I ran into this same thing, and I would highly recommend looking into the documentation that @ruslandoga posted above. I would especially recommend checking out the section on choosing parameters. The ones that have provided will work, but I think it’s good to understand why they work and make sure you’re making the best tradeoffs for your application.

The m_cost being provided refers to the amount of memory that is used for hashing and the t_cost refers to the amount of time used for hashing (specifically the number of iterations being performed to arrive at the final hash). By default the m_cost is set to 17, which means that 2^17 KiB of memory (128 MiB) will be used out of the 256 MiB provided on the lowest tier Fly.io instance. I have several different applications running on this lowest tier, and it looks like all of them use between 150-170 MiB of memory at rest, so allocating 128 MiB for hashing will cause an OOM every time. The Argon2 RFC recommends that you use the highest amount of memory you can, but you can increase the number of iterations if less memory is available.

The recommendation above to use a t_cost of 4 and an m_cost of 16 should work fine for low traffic applications. 2^16 KiB is 64 MiB of memory, so combined with the memory used at rest would take your instance to somewhere around 225 MiB of memory used. However, if you have a lot of concurrent websocket users or you’re heavily using ets for caching and storage, or if you have multiple concurrent hashing operations, this will still lead to an OOM.

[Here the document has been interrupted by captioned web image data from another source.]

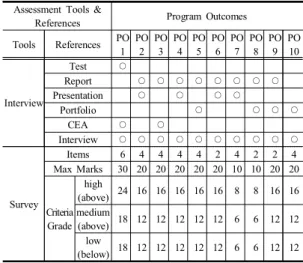 Table  3. Correlation  between  program  objectives  and  program  outcomes 프로그램에서는 프로그램의 학습성과의 달성을 위해 정규 교과과정 및 교과 외 교육과정으로 구분하여 학습 성과 기여도를 설정한다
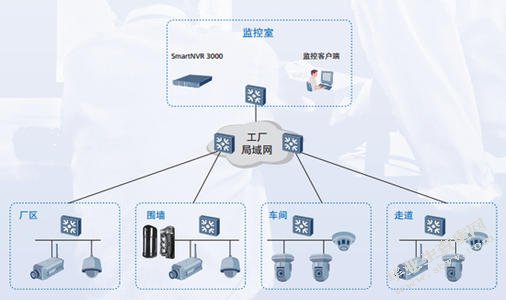 智能视频监控系统的分析与设计论文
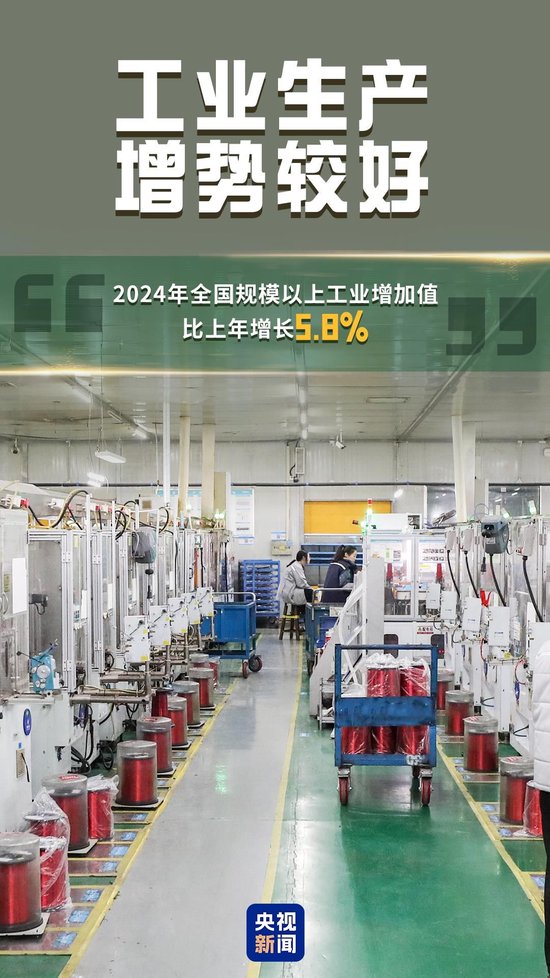 ↑5.0%！一组数据看2024年中国经济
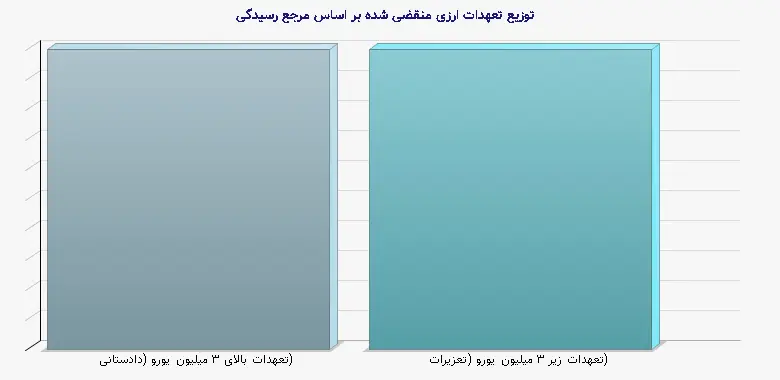 نمودار 1 - توزیع تعهدات ارزی منقضی شده بر اساس مرجع رسیدگی
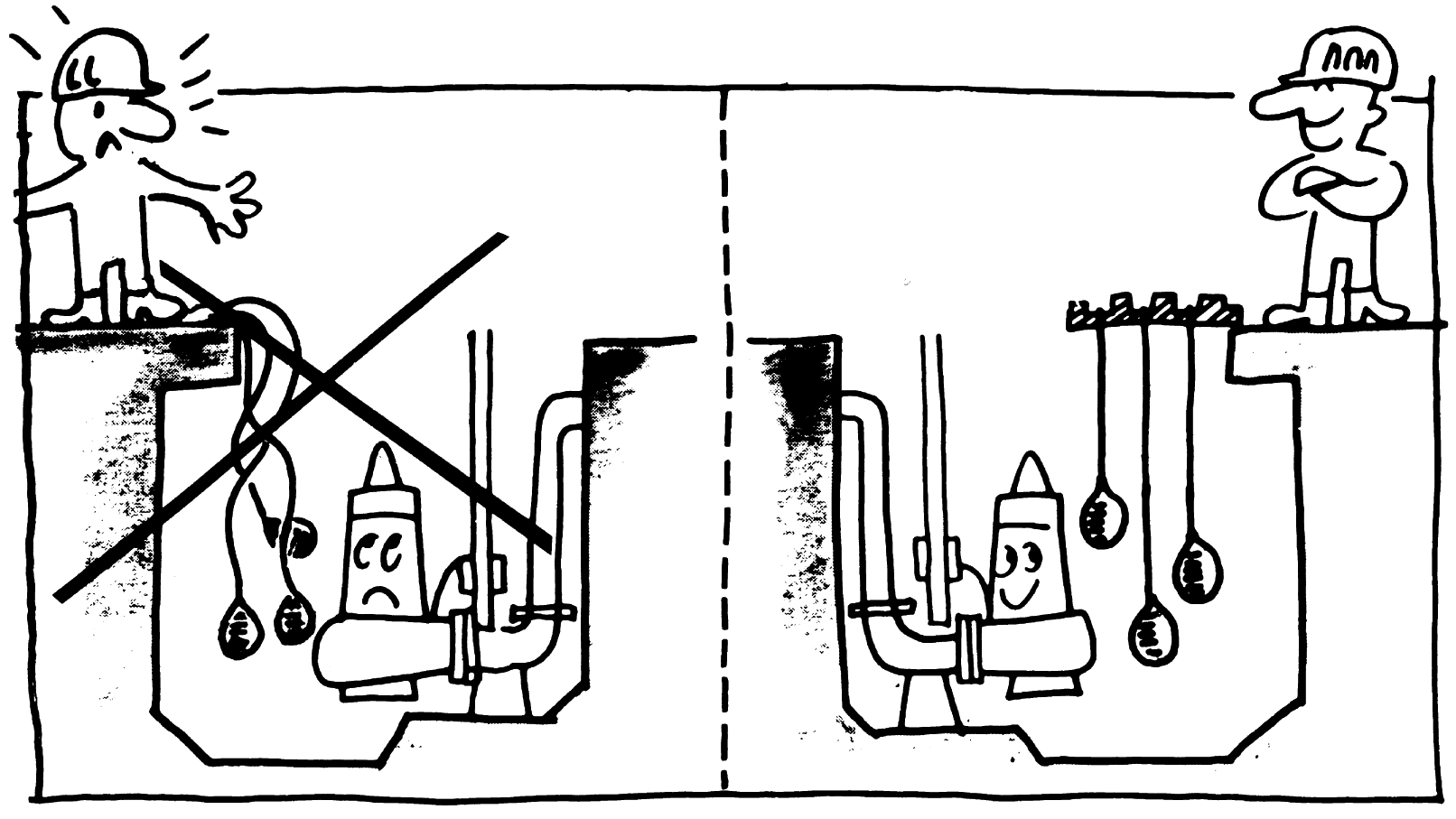 Larm låg nivå X Isolera X Ex-installation OBS!: Internt säkra kretsar krävs för det automatiska styrsystemet.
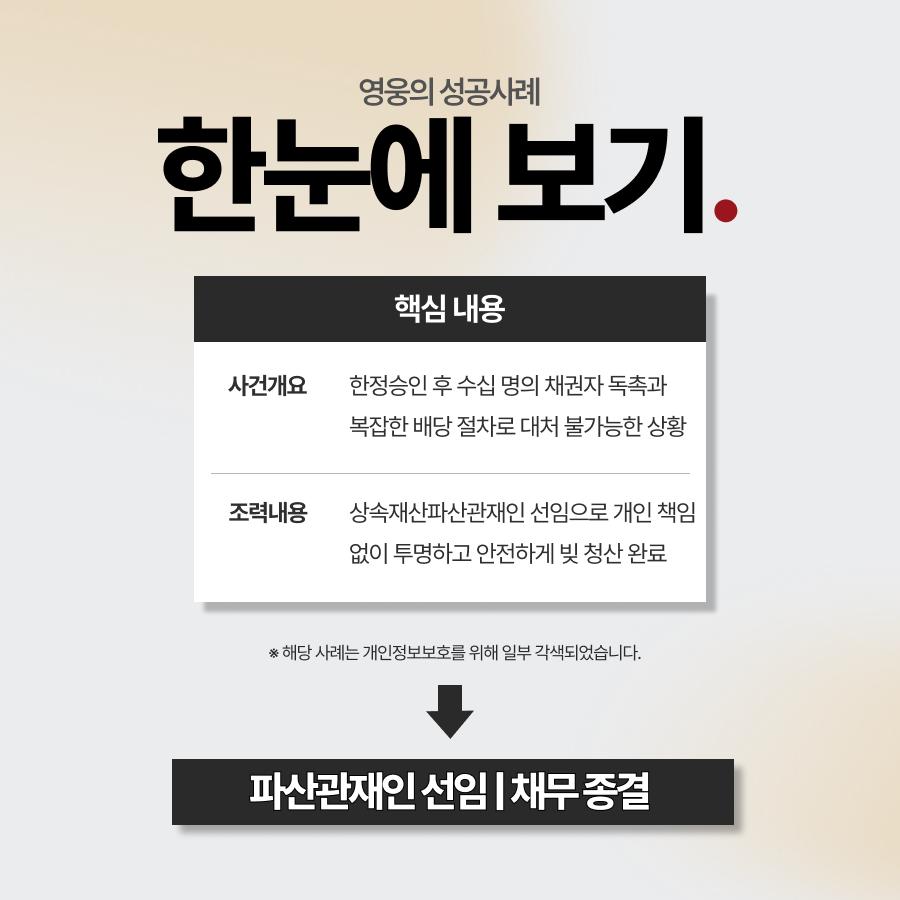 상속파산관재인 선임으로 복잡한 채권자 배당 및 독촉 해결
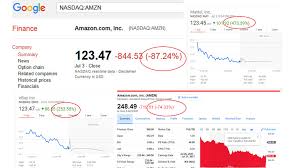 You can choose to be billed $34.99 monthly or $349.99 annually. Finance Sites Erroneously Show Amazon Apple Other Stocks Crashing Marketwatch
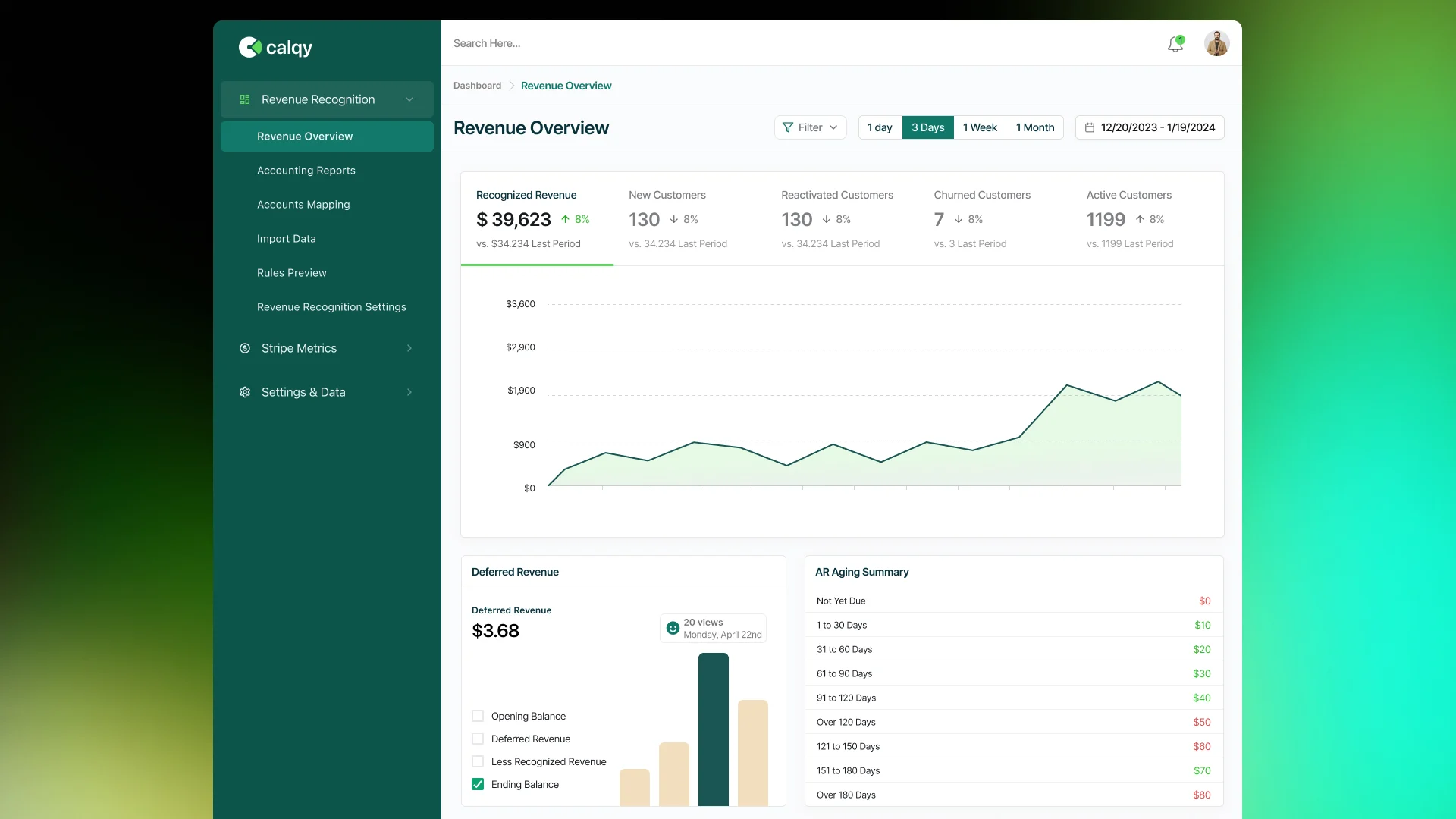 revenue recognition app profit overview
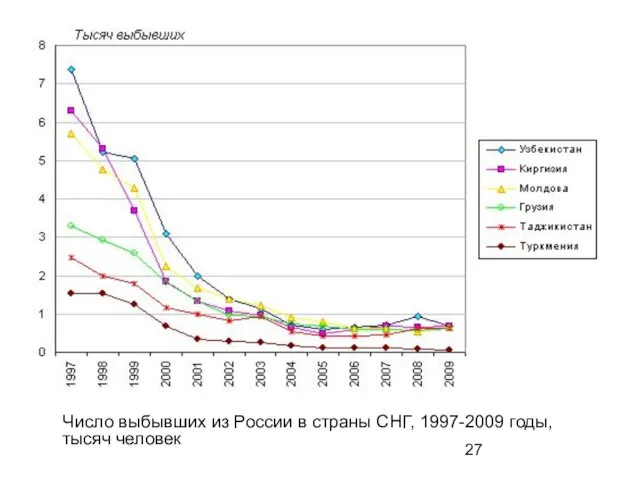 Число выбывших из России в страны СНГ, 1997-2009 годы, тысяч человек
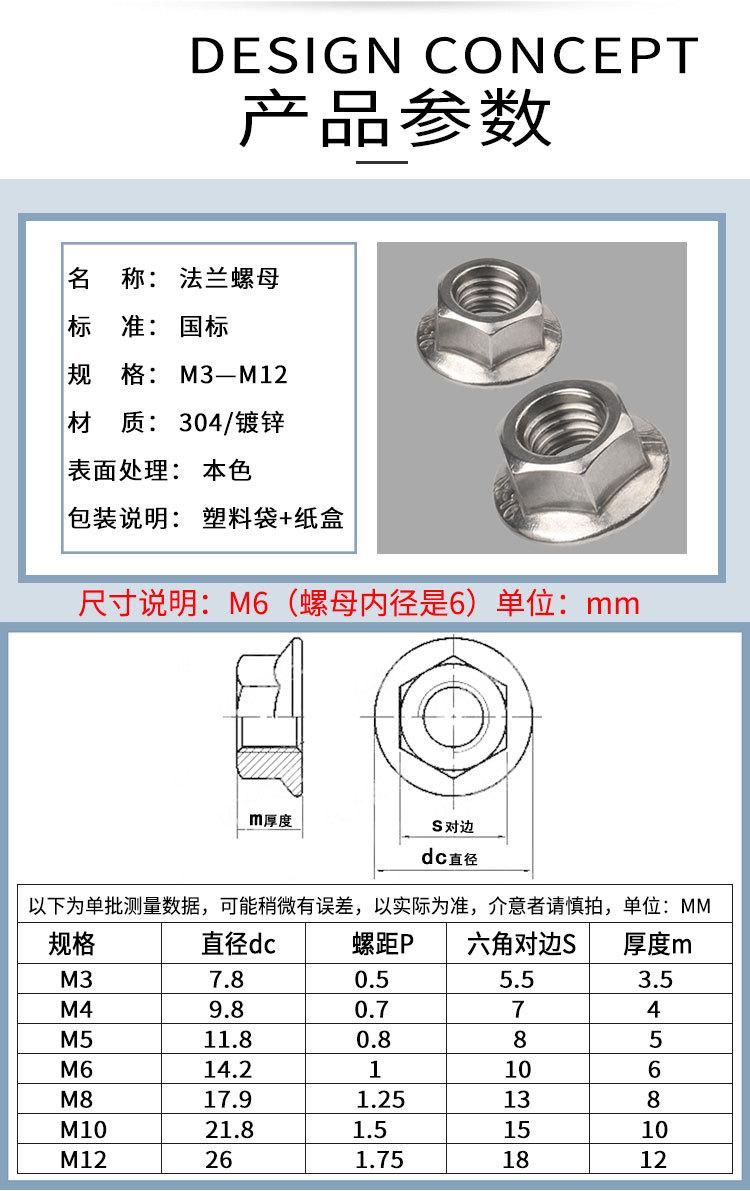 法兰螺母详情1_02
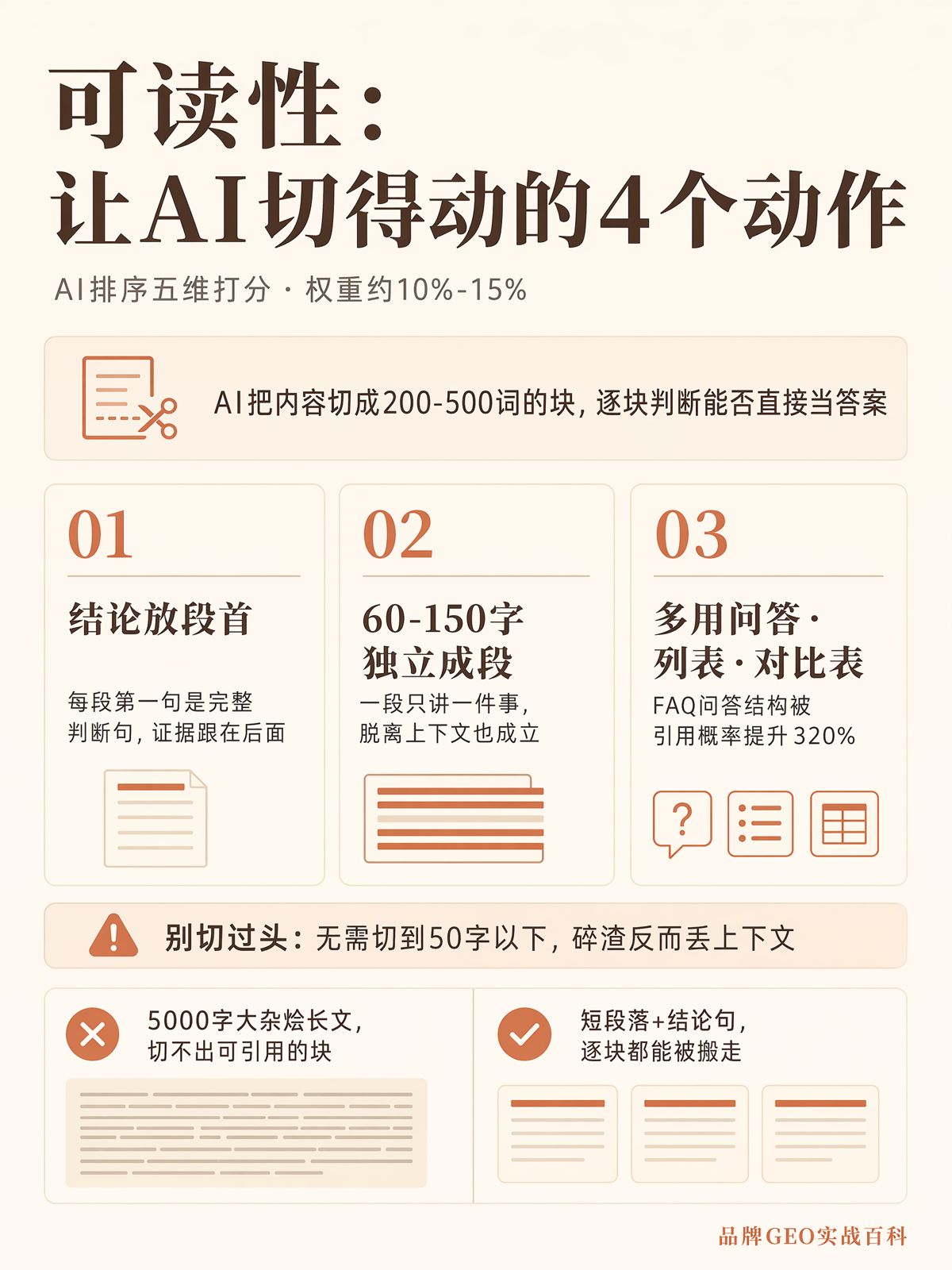五维打分:可读性怎么提升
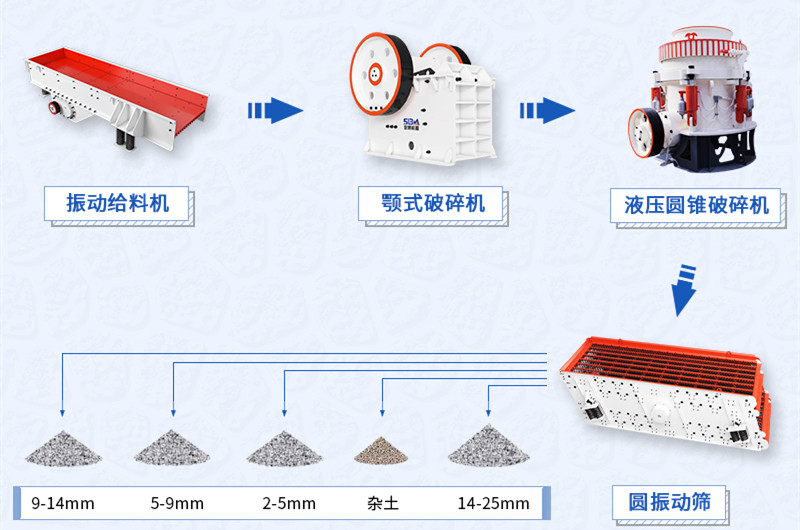 隧道洞渣整套的碎石设备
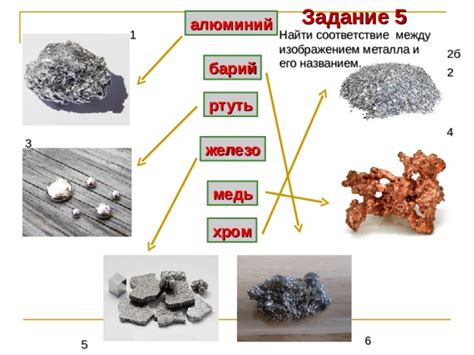 Металлы хром, алюминий, литий и барий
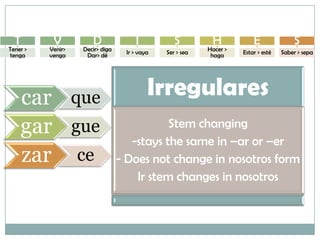 Present PerfectUsed to express or describe actions that have happened recently and/or actions that still hold true in the present.	He	      pagado la cuenta.	    He pagado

For my applications I decided to go with the following parameters instead:

config :argon2_elixir, t_cost: 18, m_cost: 15

This will use only 32 MiB of memory per hash, but will use several more iterations to obtain that final hash. I arrived at those numbers by following the guide provided in the RFC: decide first on the memory cost and then test the time it takes to create a hash and change the time cost until the total time is around 500ms (where they recommend for security purposes).

That said, 500ms is what’s recommended as the most secure option, but others suggest considering timing as fast as 50ms for user experience purposes. Here are the timings run inside the lowest tier fly.io instances between 50 and 500ms. I would recommend selecting the one that makes the best tradeoffs for your application:

config :argon2_elixir, t_cost: 2, m_cost: 15 # ~60ms
config :argon2_elixir, t_cost: 4, m_cost: 15 # ~115ms
config :argon2_elixir, t_cost: 8, m_cost: 15 # ~208ms
config :argon2_elixir, t_cost: 12, m_cost: 15 # ~307ms
config :argon2_elixir, t_cost: 16, m_cost: 15 # ~415ms
config :argon2_elixir, t_cost: 18, m_cost: 15 # ~460ms
config :argon2_elixir, t_cost: 20, m_cost: 15 # ~525ms

I should add that the most secure solution will be to give more memory to your application, but even with more memory, you should still make sure that the parameters you’re using make the most sense.